__YOUR GOAL__
Go through the listing below and output exactly the line with "Alright, so let's", the line with "Hi, welcome to", and each line between; omit the rest.

__INPUT FOR THIS TASK__
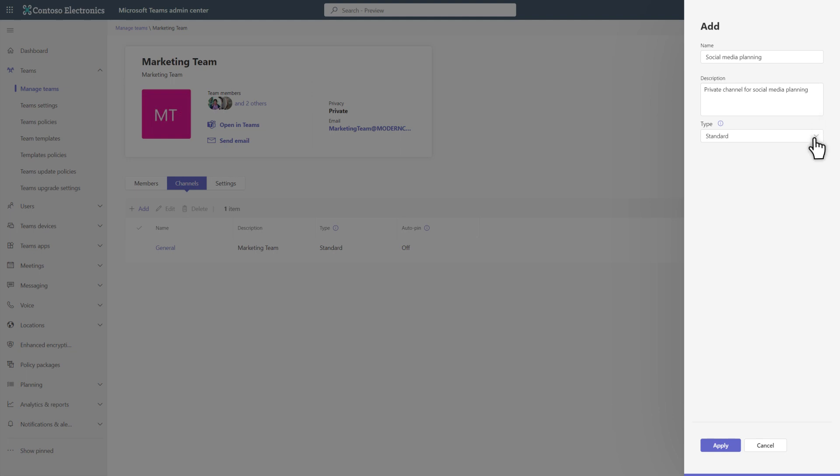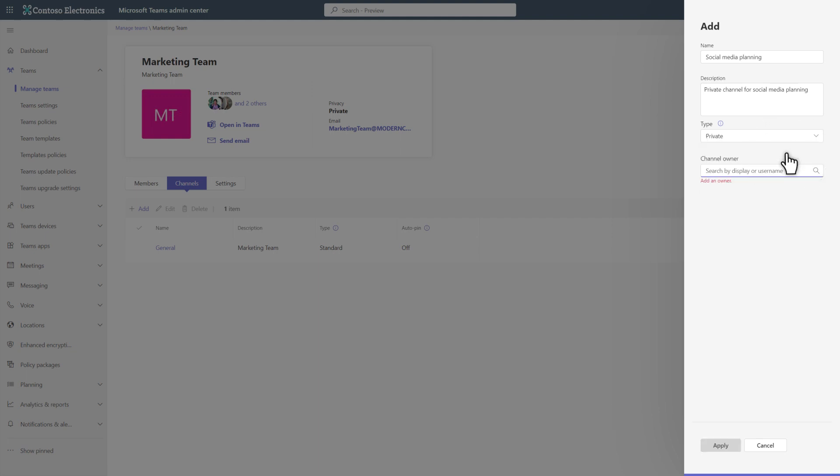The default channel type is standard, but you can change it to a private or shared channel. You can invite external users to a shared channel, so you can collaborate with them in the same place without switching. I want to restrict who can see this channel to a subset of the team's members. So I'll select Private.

...

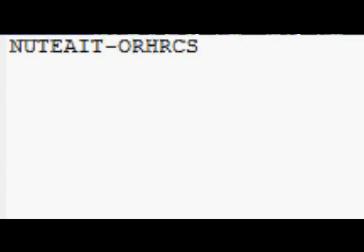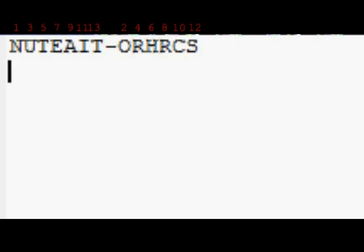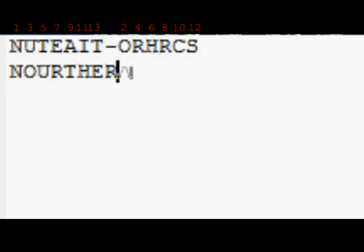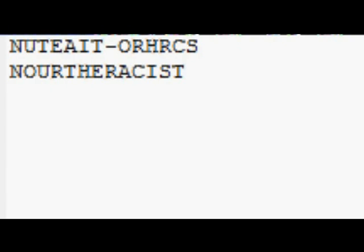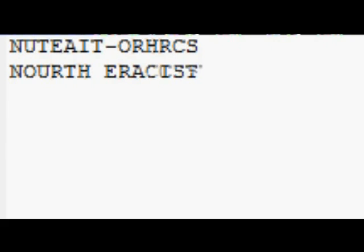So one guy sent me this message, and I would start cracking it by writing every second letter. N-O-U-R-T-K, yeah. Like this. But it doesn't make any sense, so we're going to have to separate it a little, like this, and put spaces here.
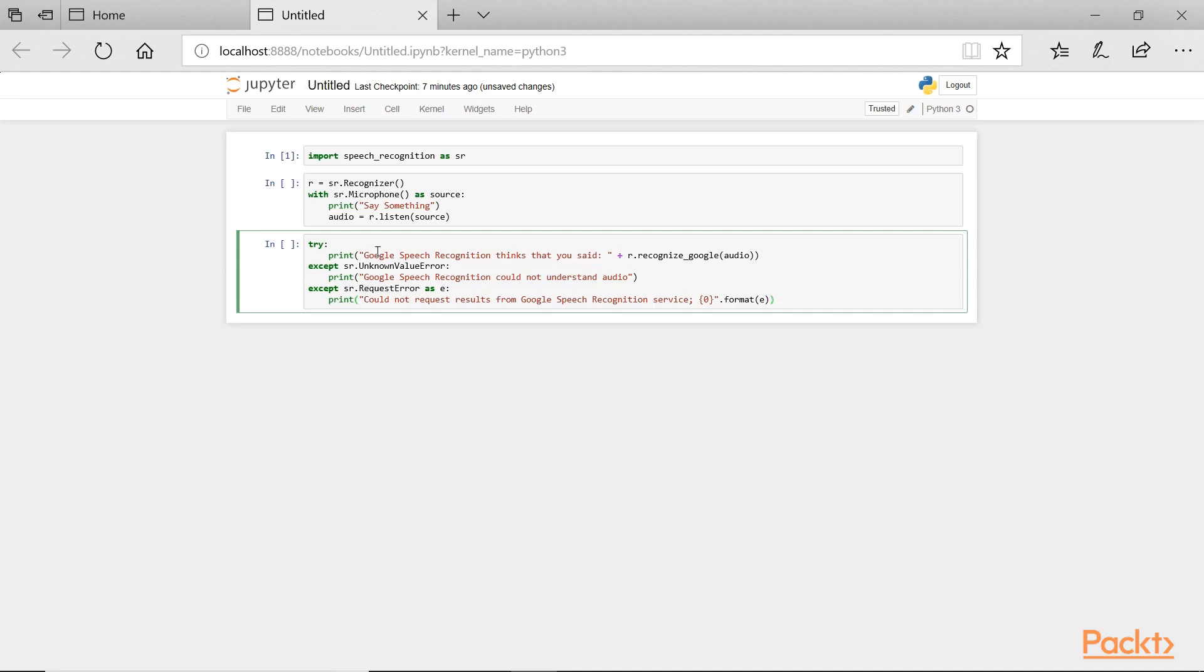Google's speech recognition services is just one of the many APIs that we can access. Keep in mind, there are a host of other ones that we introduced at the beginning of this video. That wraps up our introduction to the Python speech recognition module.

...

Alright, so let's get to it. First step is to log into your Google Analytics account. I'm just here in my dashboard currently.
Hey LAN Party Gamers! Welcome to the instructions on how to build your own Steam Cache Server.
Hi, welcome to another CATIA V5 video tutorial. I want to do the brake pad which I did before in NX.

__ANSWER__
Alright, so let's get to it. First step is to log into your Google Analytics account. I'm just here in my dashboard currently.
Hey LAN Party Gamers! Welcome to the instructions on how to build your own Steam Cache Server.
Hi, welcome to another CATIA V5 video tutorial. I want to do the brake pad which I did before in NX.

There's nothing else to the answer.